- 29 Oct 21
Philadelphia band embrace the ‘80s on fifth LP
It’s no easy feat – plotting your return after winning a Grammy for your universally acclaimed previous album. But for a band famed for their meticulous approach to their music, The War On Drugs don’t appear too strained about the challenge, following 2017’s A Deeper Understanding. In fact, I Don’t Live Here Anymore is the most uninhibited they’ve sounded in years, as they embrace the joy of spontaneity on an album deeply rooted in ‘80s influences.
Frontman Adam Granduciel has always worn his penchant for heartland rock on his sleeve – going so far as to name his son Bruce. On the new album, he’s channeling the spirit of Springsteen, as well as the likes of Don Henley, with more unapologetic fervour than ever.
The band’s unique ability to blur the boundaries between underground indie gems and arena-filling anthems is on defiant display too – charting new territories with the unexpectedly stripped-back opening track, ‘Living Proof’. Almost in answer to the soft sadness of the track, the album soon shoots off in a direction that feels suited to wide, open roads, and that distinctly American, ambiguous definition of freedom.

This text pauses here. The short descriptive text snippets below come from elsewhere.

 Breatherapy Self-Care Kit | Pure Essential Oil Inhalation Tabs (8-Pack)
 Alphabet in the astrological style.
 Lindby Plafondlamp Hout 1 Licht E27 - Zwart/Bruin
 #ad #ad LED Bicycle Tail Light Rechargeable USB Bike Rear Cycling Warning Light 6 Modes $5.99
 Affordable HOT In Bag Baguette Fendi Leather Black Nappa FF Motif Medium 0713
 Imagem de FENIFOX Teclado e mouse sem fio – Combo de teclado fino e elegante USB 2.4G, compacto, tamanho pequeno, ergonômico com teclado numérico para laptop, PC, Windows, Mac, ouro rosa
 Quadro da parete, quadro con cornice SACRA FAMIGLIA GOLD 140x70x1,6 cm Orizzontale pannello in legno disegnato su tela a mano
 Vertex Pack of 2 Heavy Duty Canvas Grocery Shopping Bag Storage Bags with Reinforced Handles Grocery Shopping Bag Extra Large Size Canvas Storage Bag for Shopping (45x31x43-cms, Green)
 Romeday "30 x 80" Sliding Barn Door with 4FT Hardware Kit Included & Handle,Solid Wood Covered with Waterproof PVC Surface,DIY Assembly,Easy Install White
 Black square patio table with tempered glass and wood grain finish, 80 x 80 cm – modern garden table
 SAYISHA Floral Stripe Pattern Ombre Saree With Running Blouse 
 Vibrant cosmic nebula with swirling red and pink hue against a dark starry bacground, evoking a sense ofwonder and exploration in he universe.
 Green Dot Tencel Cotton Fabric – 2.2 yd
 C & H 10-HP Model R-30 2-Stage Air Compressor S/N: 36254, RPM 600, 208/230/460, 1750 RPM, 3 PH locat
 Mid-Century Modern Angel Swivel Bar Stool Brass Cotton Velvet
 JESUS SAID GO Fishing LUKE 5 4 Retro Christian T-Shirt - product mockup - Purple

Even when the throwback sounds feel almost too familiar, there’s a charisma and a power at the heart of the approach that’s difficult to resist. Just like Granduciel’s ‘80s icons – who were capable of pulling something oddly triumphant out of the surrounding despair – I Don’t Live Here Anymore finds The War On Drugs expertly straddling the line between joyful release and bittersweet nostalgia.